A stronger dollar in turn depresses the value of dollar-denominated exports, such as many agricultural commodities, making them less competitive.

"Like bankers, I expect Brexit, once begun, to increase the value of the US dollar with a resulting decline in agriculture commodity prices," Professor Goss said.

The comments suggest that Brexit could for some time present a challenge for agriculture markets, given that Theresa May, the new UK prime minister, has said the country will not until next year trigger so-called Article 50 which kicks off a process on EU exit negotiations, with a deadline of two years.

Sterling vs dollar contracts

Already, the swings in foreign exchange markets fuelled by Brexit have prompted vast disparities in ag commodity price performances – in local currency terms.

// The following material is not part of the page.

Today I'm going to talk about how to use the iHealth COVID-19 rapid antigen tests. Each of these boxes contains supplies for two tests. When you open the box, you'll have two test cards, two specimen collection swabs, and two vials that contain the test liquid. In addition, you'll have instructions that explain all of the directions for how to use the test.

Sterling-denominated cocoa futures, for instance, as traded in London have risen by 5.2% since the vote to stand at £2,383 a tonne in afternoon deals on Friday, supported by depreciation in the pound.

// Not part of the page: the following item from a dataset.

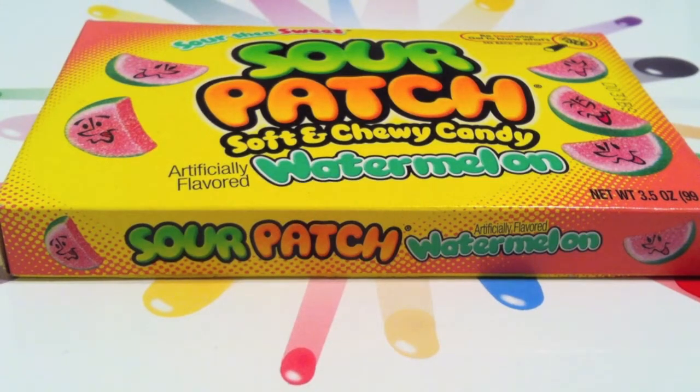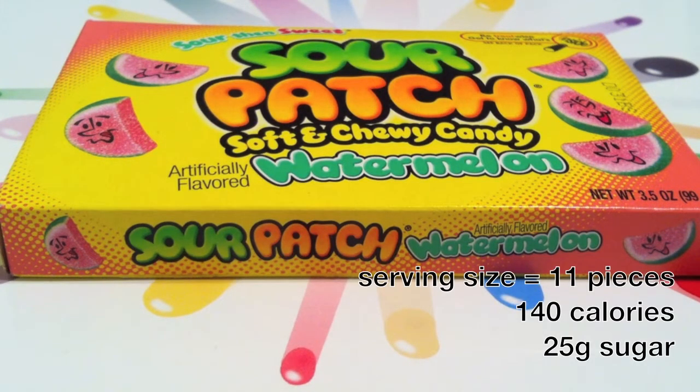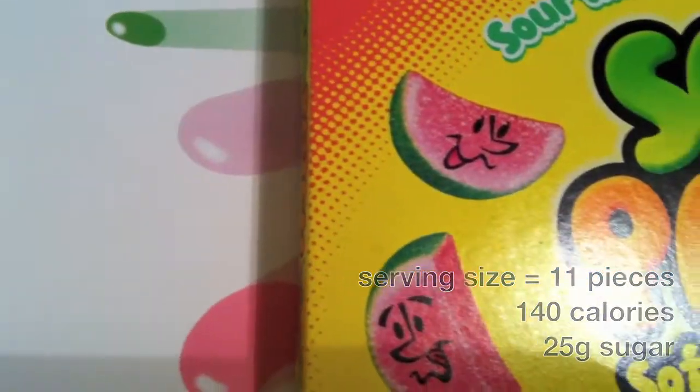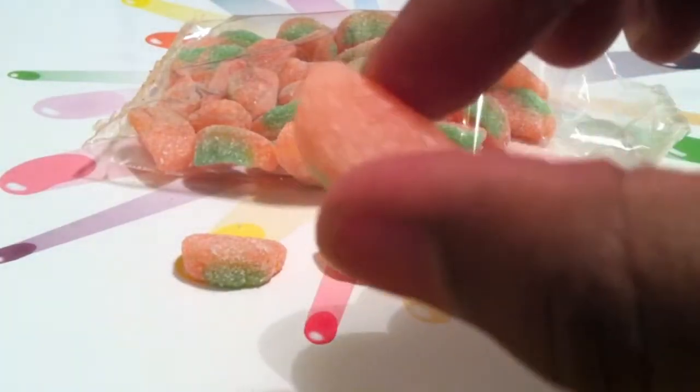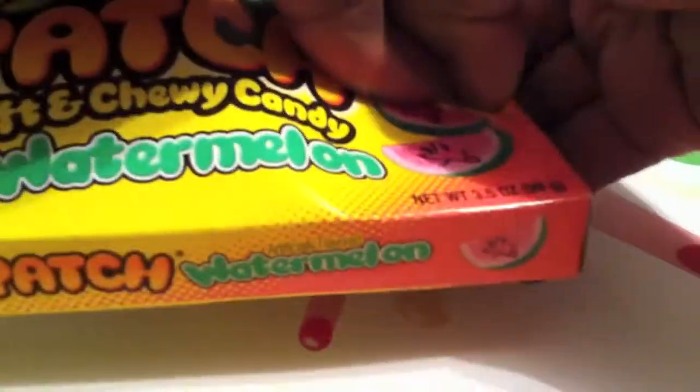Sour Patch Kids Watermelon are a soft gummy candy that comes in many fruit flavors. Much like Sour Skittles, these have a sour sugar coating on the outside, while some other candy like Warheads are sour without that.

New York's dollar-denominated equivalent, meanwhile, has tumbled by 9.3% to $2,888 a tonne.

On the grain markets, London feed wheat futures for November have risen by 6.9% to £123.10 a tonne, earlier on Friday hitting a five-month high of £125.50 a tonne.

Chicago soft red winter wheat futures, the world benchmark, have dropped by 11.4% to stand at $4.12 Ѕ a bushel for September delivery, not far above their contract low, with pressure also being provided by a bumper US crop, besides ideas of ample world stocks.

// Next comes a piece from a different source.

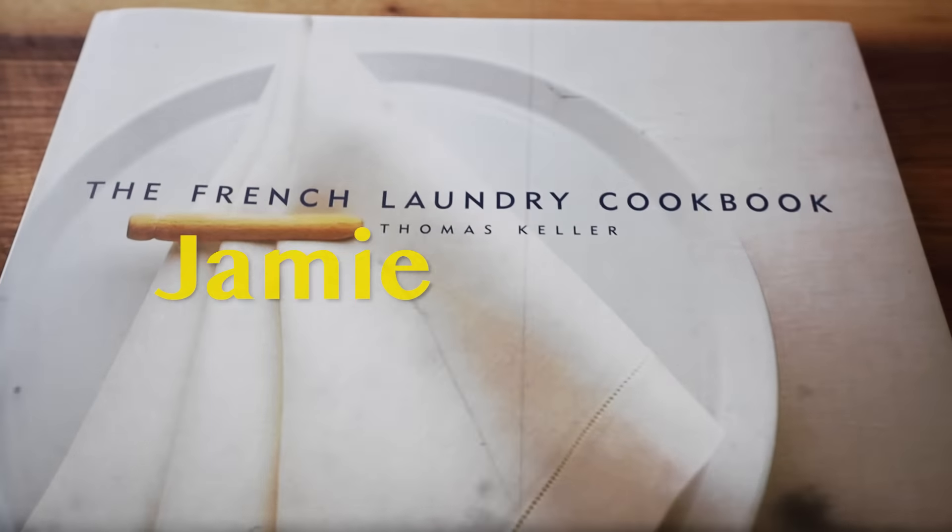On the menu today we have a salmon tartare with a sweet red onion crème fraîche, and we're going to add that into homemade cornets. Welcome back to Jamie and Chef — I'm not going to give up without a fight.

At UK grain trader Gleadell, David Sheppard said that "in general producers have sold little and, given the oversupply of feed grains, it remains difficult to find a reason why grain markets should rally significantly".

In the UK itself, business had been "lacklustre, to say the least".

Impact of ag price falls

Professor Goss flagged the importance of agricultural commodity prices in the rural US economy, for signs of recovery had evaporated this month, with an overall sector index falling to 39.8, from 43.9 in June.

"Over the past 12 months, farm prices have fallen by 9%, and livestock prices are off by 16%," he said.

"These weak agriculture commodity prices are pushing the overall rural mainstreet economy lower."

An index covering the farm equipment sector fell to 10.7, from 12.8 in June.

"Weakness in farm income and low agriculture commodity prices continue to restrain the sale of agriculture equipment across the region," Professor Goss said.